Building a cluster of Apache Spark with containers using Docker-compose
- docker on your machine.
- docker-compose on you machine.
Before we start building, we need to define some variables.
export SPARK_VERSION=2.4.4 #Here we are defining the Spark version to create our cluster. The default value is 2.4.4
export HADOOP_VERSION=2.7 #Here we are defining the Hadoop version to support our Spark cluster. The default value is 2.7
The base image, named as spark-base, has all the dependencies that Spark needs to start.
To build this image you need to execute the following code on project root folder:
docker build -t=spark-base:$SPARK_VERSION --build-arg SPARK_VERSION=$SPARK_VERSION --build-arg HADOOP_VERSION=$HADOOP_VERSION ./spark-base/
Good! Now you have the spark-base image completed, note that the version of spark-base image is the version of Spark that is installed inside then.
The master image, named as spark-master, is the image that represents our master node on the cluster. Note that we build this image using the spark-base image (where we have all the dependencies). The Dockerfile of this image only copy a .sh file (spark-master.sh) into the image and execute then when image's up is completed.
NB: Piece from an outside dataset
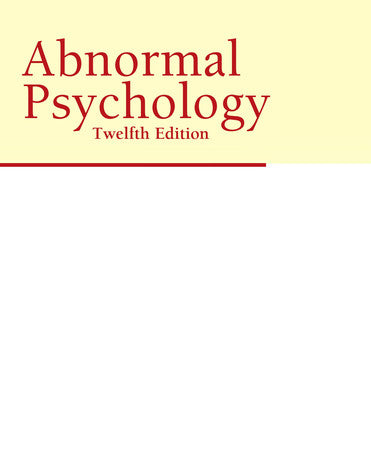 Abnormal Psychology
This .sh file will start the spark node as a master node with the following code:
/spark/bin/spark-class org.apache.spark.deploy.master.Master -h $SPARK_MASTER_HOST
Note that SPARK_MASTER_HOST variable is defined on this .sh file by hostname command that get the host name and domain name defined on docker-compose.yaml file, that we will see later.
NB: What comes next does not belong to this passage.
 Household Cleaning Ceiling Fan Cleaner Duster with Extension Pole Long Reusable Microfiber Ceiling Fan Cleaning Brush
To build this image you need to execute the following code on project root folder:
docker build -t=spark-master:$SPARK_VERSION --build-arg SPARK_VERSION=$SPARK_VERSION ./spark-master/
Nice! Now we have the master image completed and ready to up.
The slave image, named as spark-slave, is the image that represents our slave nodes (or worker nodes) on the cluster. This image it's like the spark-master image, but we start the node as a Worker in the .sh file (spark-slave.sh). The following is the code to run Spark as Worker node:
/spark/bin/spark-class org.apache.spark.deploy.worker.Worker $SPARK_MASTER_HOST
Note that in Dockerfile we define SPARK_EXECUTION_CORES and SPARK_EXECUTION_MEM environment variables, this variables represent the cores and memory parameter to spark execution to each slave node. Follow the default values:
ENV SPARK_EXECUTION_CORES "1"
ENV SPARK_EXECUTION_MEM "2G"
You can edit these variables passing the new values as build arguments using the "--build-arg" parameter. Follow a example:
docker build -t=spark-slave:$SPARK_VERSION --build-arg SPARK_VERSION=$SPARK_VERSION --build-arg SPARK_EXECUTION_CORES="2" --build-arg SPARK_EXECUTION_MEM="5G" ./spark-slave/
To build this image with default values you need to execute the following code:
docker build -t=spark-slave:$SPARK_VERSION --build-arg SPARK_VERSION=$SPARK_VERSION ./spark-slave/
Great! Now we have the spark-slave image ready to get up and get started as Worker node on Spark cluster.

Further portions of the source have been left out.